I think probably an identical one to that which we use for WP:AWB - with of course your recommended criteria. The criterion for AWB (500 mainspace edits) is a guideline only, and the decision to accord is by admin discretion, and often more experience is required. The AWB request page is also transcluded to WP:PERM, so editors can apply in either place. As you are the developer and hold the 'key' to it, the introduction of a formal sanction would not require a consensus of the community - practically: I'm giving Wikipedia a 3rd party tool, and it can only be used by approved editors. The downside is that as you are not an admin you would be excluded form according the rights though that process. The admins who work in the PERM department usually get it right though - most admins expect several hundred manual vandal reverts before according Rollback, irrespective of what the CVU thinks, and CVU comments on the perm page are generally not taken into consideration. Indeed, the necessity of informal 'clerking' on that page have raised concerns recently too. Proxy requests also beg the question (with the exception of 'Autopatroller') as to why the candidates can't speak for themselves. Other scripts already need special permission, and Huggle, for example, is bundled with Reviewer. Hope this helps. Kudpung กุดผึ้ง (talk) 14:26, 28 August 2012 (UTC)
Acknowledged, we'll take this up further when I return from WikiSym in a couple days. Thanks, West.andrew.g (talk) 14:45, 28 August 2012 (UTC)
OK, thanks for all your hard work on Stiki, and good luck for your PhD - I know only too well what it involves :) Kudpung กุดผึ้ง (talk) 14:58, 28 August 2012 (UTC)

Predicting quality flaws

Hi Andrew,

I don't know if you have been following CLEF '12 or Signpost, but the latest issue of Signpost mentions something I thought might interest you.

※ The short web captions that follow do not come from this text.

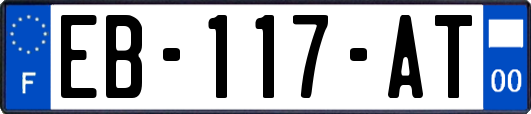 EB-117-AT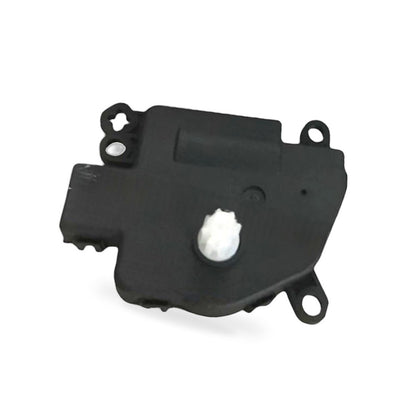 Heater Switch Suitable for Ford Explorer 2011-2015 Flex 2010-2012 Lincoln MKS - BD1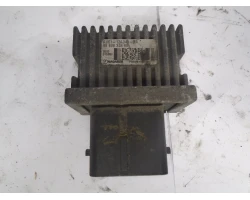 RELE Peugeot 5008 2014 2.0 HDI 9663824880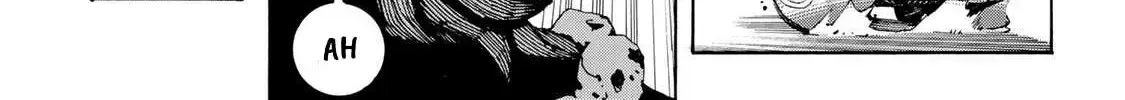 Read Tank Chair chapter 1.3 image 79 on Lezhin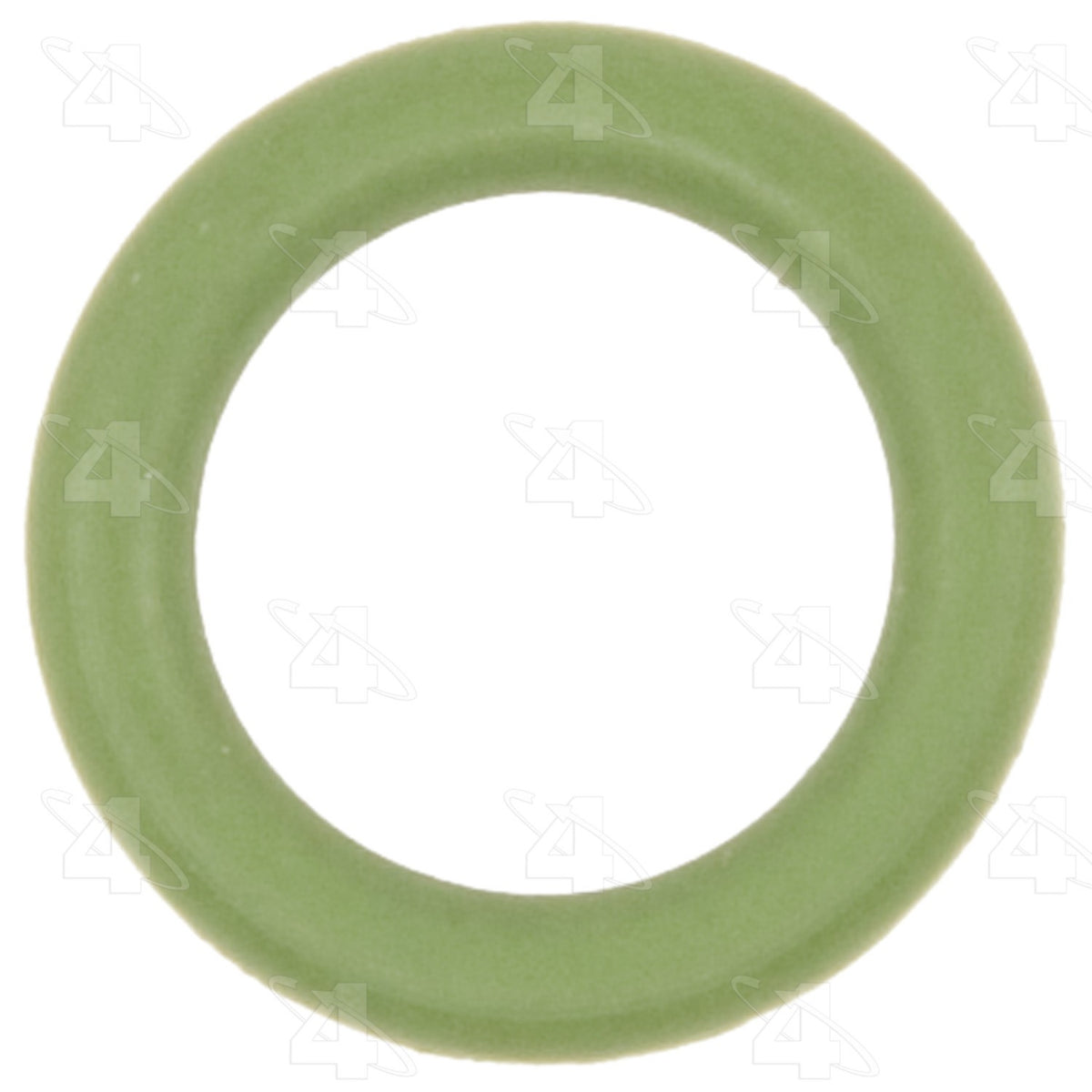 Four Seasons A/C Line O-Ring 24659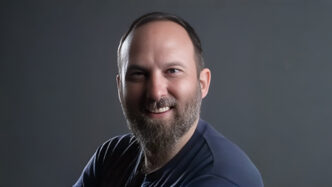 – Chris Allan ny administrerende direktør i Mhance med fokus på Microsoft Cloud | IT-bransjen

In Wikipedia:Wikipedia Signpost/2012-08-27/Recent research#Briefly, the paragraph starting "Predicting quality flaws in Wikipedia articles", reports on a competition to identify issues worthy of tagging an article for, using machine learning. I have made a comment at Wikipedia talk:Wikipedia Signpost/2012-08-27/Recent research#Predicting quality flaws. I would be interested to know what you think.

Yaris678 (talk) 08:58, 3 September 2012 (UTC)

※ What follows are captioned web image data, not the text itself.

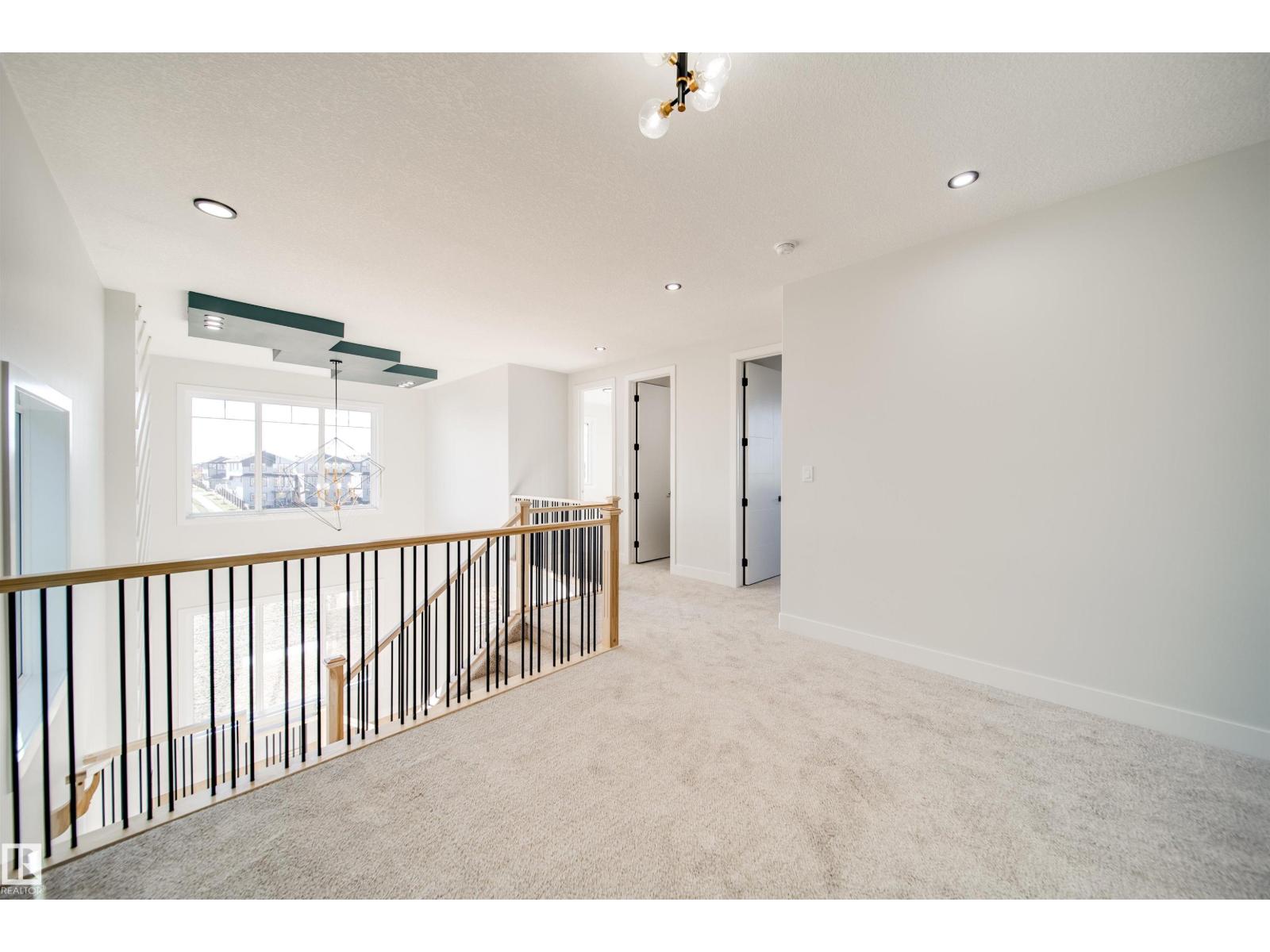 8603 183 Av Nw, Edmonton, Alberta  T5Z 0X3 - Photo 18 - E4488290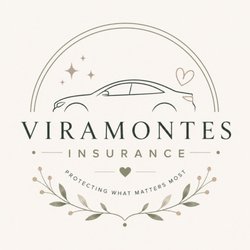 Viramontes Insurance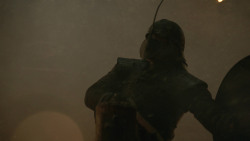 extant_GameOfThrones_8x03-TheLongNight_2666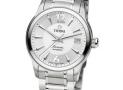 梅花-AIRMASTER CLASSIC-83933S-323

Interesting work. I do wish researchers would graph entire precision-recall curves instead of just presenting a single point on that graph. Regardless, there is a question here of how this might be applied in a live/online fashion. A bot that goes around auto-tagging articles seems a bit much. A STiki interface also seems inappropriate, given that these article issues aren't well summarized by a diff. Big article issues like this cannot be quickly resolved, nor can they be resolved by just anyone at random. Thanks, West.andrew.g (talk) 18:40, 3 September 2012 (UTC)
Yeah a bot would never work. For a STiki-like tool it wouldn't be based on diffs. It would just take a user to an article and the user would look at the whole article and decide which tags to apply and possibly make some other edits before pressing a button and being taken to the next article. It would be similar to new pages patrol but would be for non-new pages.
Yaris678 (talk) 22:42, 3 September 2012 (UTC)

Edit summaries

Hi Andrew. Having now reviewed several hundred revert made by those who use it, I find that their edit summaries are often simply: (Reverted edit(s) by (...) Using STiki) without further detail. It would be good to know if the edits were 'identified as vandalism' as Twinkle does. I've discovered for example, that many reverts were for unsourced, but good faith content. I don't use Stiki so I don't know if the edit summary options are so limited. Kudpung กุดผึ้ง (talk) 01:55, 4 September 2012 (UTC)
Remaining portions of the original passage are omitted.